> [Given data]:
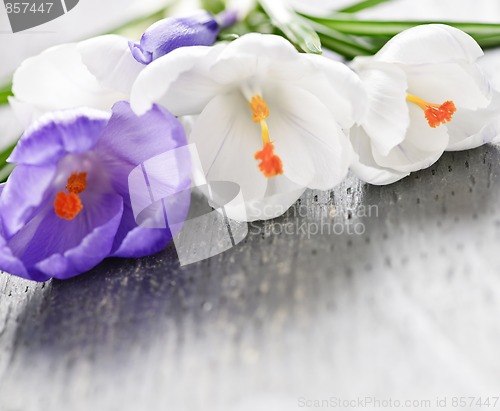 Image of Spring crocus flowers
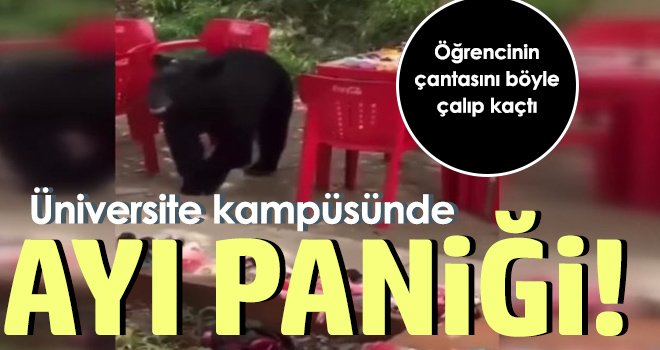 Üniversite kampüsüne giren ayı öğrencinin çantasını çaldı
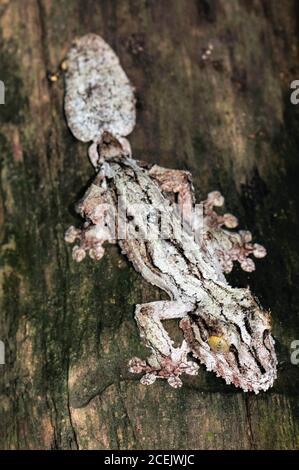 Gecko Uroplatus sikorae, Parco Nazionale Andasibe, Madagascar Foto Stock
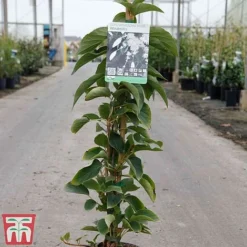 Schizophragma Integrifolium 'Windmills' -Florist Zone SCHI TKA3516 A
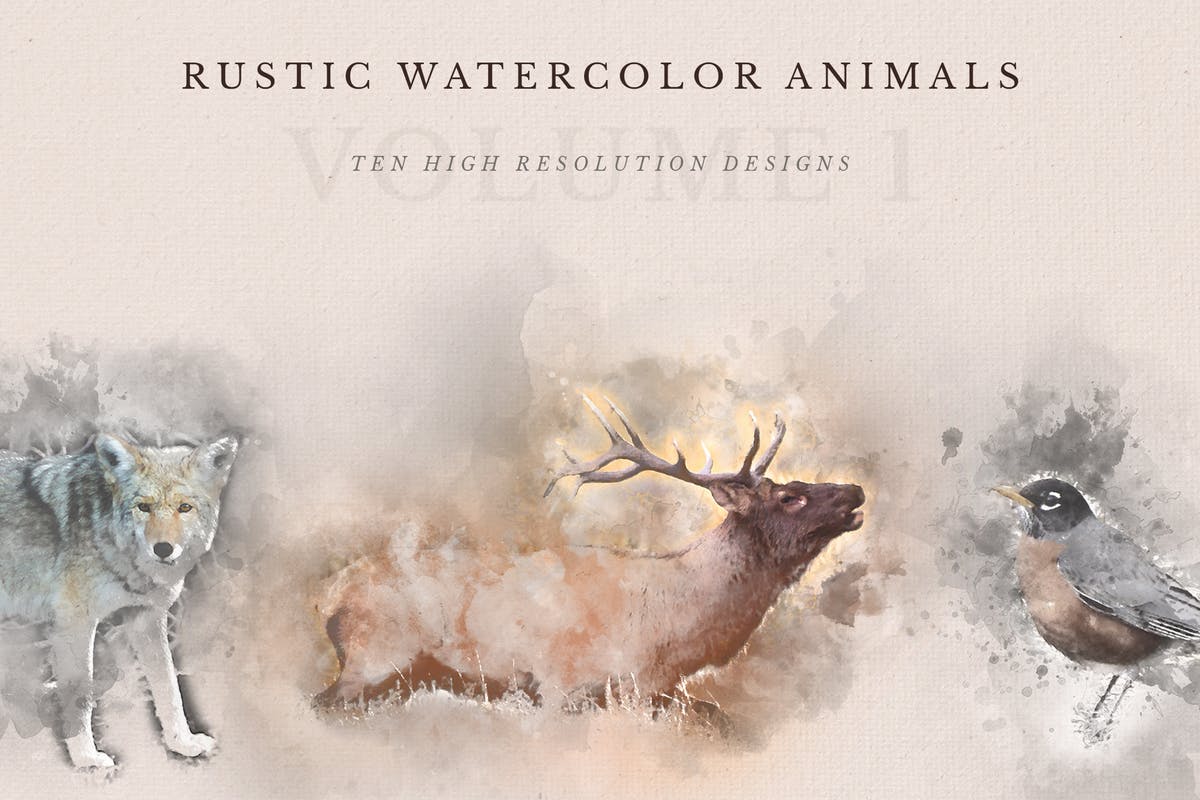 质朴的动物水彩手绘插图Vol.1 Rustic Watercolor Animals – Volume 1插图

> [Exercise]:
Starting at the line that contains "Üniversite kampüsüne giren", output every line through the end of the data, both ends included, and nothing else; pictures stay out.

> [Solution for this problem]:
 Üniversite kampüsüne giren ayı öğrencinin çantasını çaldı
 Gecko Uroplatus sikorae, Parco Nazionale Andasibe, Madagascar Foto Stock
 Schizophragma Integrifolium 'Windmills' -Florist Zone SCHI TKA3516 A
 质朴的动物水彩手绘插图Vol.1 Rustic Watercolor Animals – Volume 1插图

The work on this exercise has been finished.